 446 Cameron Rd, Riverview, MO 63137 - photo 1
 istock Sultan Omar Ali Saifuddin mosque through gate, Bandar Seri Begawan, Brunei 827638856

........

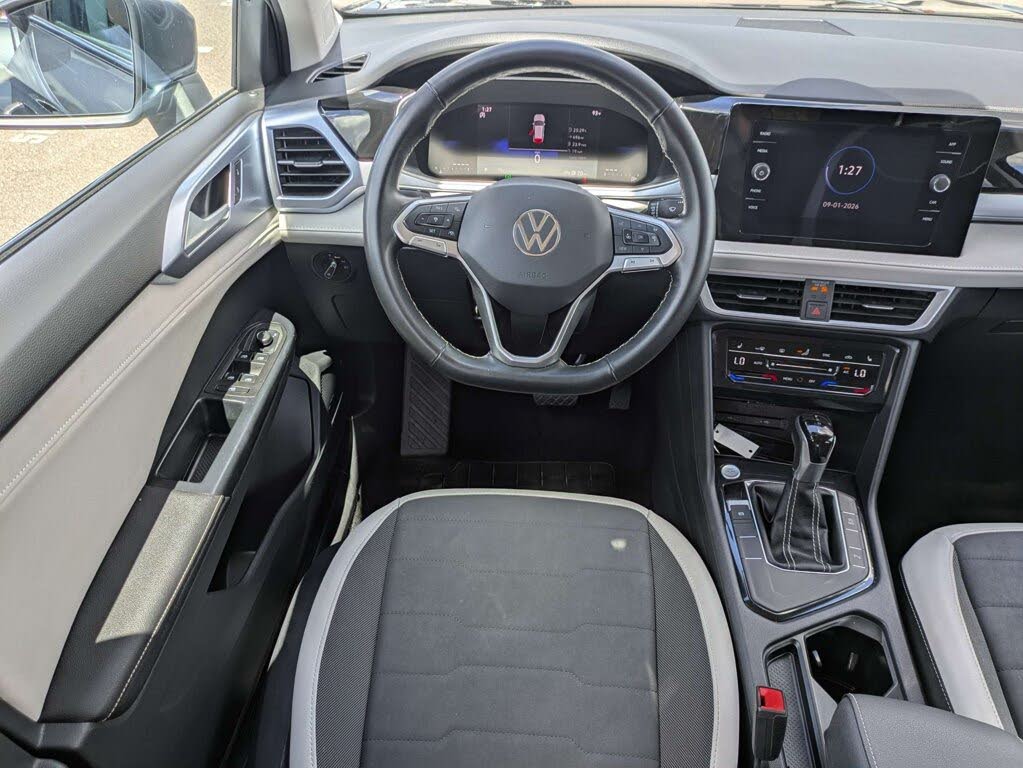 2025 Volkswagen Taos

........

# EXERCISE OBJECTIVE
Taking the entries above, write out exactly the lines starting with the line containing "446 Cameron Rd, Riverview, MO" and going on through the line containing "istock Sultan Omar", both included, and nothing else.

# SOLUTION
 446 Cameron Rd, Riverview, MO 63137 - photo 1
 istock Sultan Omar Ali Saifuddin mosque through gate, Bandar Seri Begawan, Brunei 827638856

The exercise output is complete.